She had a reason: Blanche Blackwell.

• L
OVE
•

In 1956 Ian had met his fantasy woman. She was not in her 30s – she was only four years younger than he was – but she was the soul-mate he knew he wanted: a kind, smart, independently wealthy Jewish divorcée with an exotic heritage. She had been born in Costa Rica into one of Jamaica's oldest plantation families, the Lindos, and had married a Blackwell, related to Ian's friend John Blackwell, from the family who ran Crosse and Blackwell.

She had one son, Christopher. Her home was in Jamaica, but because Chris had been until recently at Harrow, she had spent the past several years in England. She had inherited thousands of acres of land on the island, including the part she sold to Noël Coward. Ian knew her brother, and he had been told by various people that she was an interesting woman, likeable and self-assured. There had been an affair with Errol Flynn, who had wanted to marry her.

When they met for the first time, at a social gathering, she found Fleming dreadful. She happened to mention that the area where she lived was becoming the latest gay hangout, and he said, ‘Don't tell me you're a lesbian then.' He called her, in conversation with someone else, a stupid bitch.

Somehow, in spite of his insulting behaviour, they got together in the winter of 1956. Anne at the time was in England, in rehab at a health farm. She needed to stop taking the tablets. She was also avoiding Jamaica, where the Spartan facilities and irritable, preoccupied husband had become a strain. So Ian and Blanche were free to shop together for toys that Caspar could play with when he came to Jamaica next year. They were both invited to Noël Coward's house. Blanche swam like a fish. Everyone could see that she and Ian were flirting. And pretty soon, they were always invited to the same parties.

A photograph of them together on the beach shows that they were both running to fat, but they look happy. She was much better at managing him than Anne was and less insistent on being noticed. Later, as his health worsened, somebody remarked that she was exactly what he needed – a nanny.

As Christmas approached, both Ian and Anne were in England. At home Sir Anthony Eden was prime minister, but in October and early November the uproar over Suez – his disastrous attempt, with French and Israeli collaboration, to get rid of the socialist President Nasser of Egypt – left him facing fury in the House of Commons. He and his wife Clarissa required privacy, so they rented Goldeneye for a few weeks after the ceasefire of 7 November.

In theory, the governor of Jamaica's wife would arrange that they were properly catered for. In the event, it was the governor's wife and Blanche Blackwell who organised everything, and Ian's local attorney, Lahoud, who acted as liaison with the prime minister's party. The Edens were delighted with the place; it had the peace and quiet and warmth they needed and was miles from everyone they knew. Sir Anthony Eden had liver trouble caused by a botched operation, and there had been a series of operations that never seemed to help. What was not well known that he had been prescribed the sedative and stimulant drug drinamyl, against anxiety. It can affect judgement.

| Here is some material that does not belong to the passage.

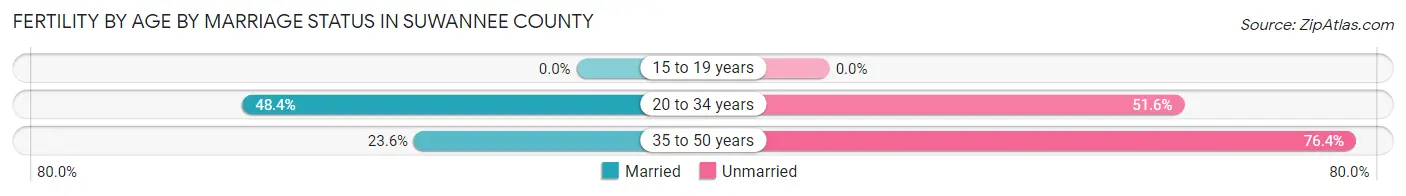 Female Fertility by Age by Marriage Status in Suwannee County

With the Edens quietly relaxing at Goldeneye, behind the scenes Lahoud was not reconciled to Blanche. And then he made a naïve error; one morning he told the press that the prime minister wasn't feeling very well. This of course had massive repercussions everywhere from London's political party machines to stock exchanges in London and New York. Lady Eden was absolutely furious and got rid of him, but it was too late; in London Macmillan and Butler were already jockeying for position as the man who would take over from Eden. Macmillan did, about six weeks later.

There was another, personal outcome when they got home. Clarissa mentioned to Anne, a friend of theirs, how wonderfully helpful Blanche Blackwell had been in getting Goldeneye ready for their visit.

This was devastating. As far as Anne knew, Blanche Blackwell had never set foot in Goldeneye. Ian must have been seeing her. The following year, when she got there with her older son Raymond O'Neill and saw the comforts, still in place, that had been provided in preparation for the Edens, she was deeply wounded. Ian had never allowed her to improve Goldeneye. Blanche Blackwell was part of his life and he didn't deny it; she could perhaps have borne that, had Blanche not visibly exercised more power over her husband than she had. Power was important to Anne.

Blanche understood Ian's need for solitude. Anne, above all a social being, was impatient and annoyingly intrusive when he was writing. In 1958, Anne didn't go to Goldeneye at all. This was a huge relief. Had she done so, she would have demanded attention.

Instead Blanche was there, but only if required. She kept away during Ian's working hours, and when Hugh Pitman and his family came for a couple of weeks she took them off his hands.

• E
STRANGEMENT
•

Now that Anne was aware of Blanche, there would be no reconciliation. She was humiliated but not necessarily sad. Even before Caspar was born, she had said that with Ian, ‘the deserts of pomposity between the acres of wit are too vast'. She called him Thunderbird when she wrote to Evelyn Waugh, and could never be bothered to read the books. As to Ian, he found her Caesarian scars sexually off-putting and her overwhelming presence sometimes an embarrassment.

They stayed in the marriage for Caspar's sake. Holidays were increasingly taken separately. Ian spent several summers with the Bryces at Black Hole Hollow Farm, on the Vermont border, which he loved. Anne couldn't stand Ivar Bryce; she thought he was a crook. Ian, for his part, disliked Lady Diana Cooper, who was a great friend of Anne's. By the end of 1957, Ian and Anne were destroying one another and forever sniping, even in public. He accused her of constantly nagging and complaining. They decided to split up for the winter and she resorted to rehab again.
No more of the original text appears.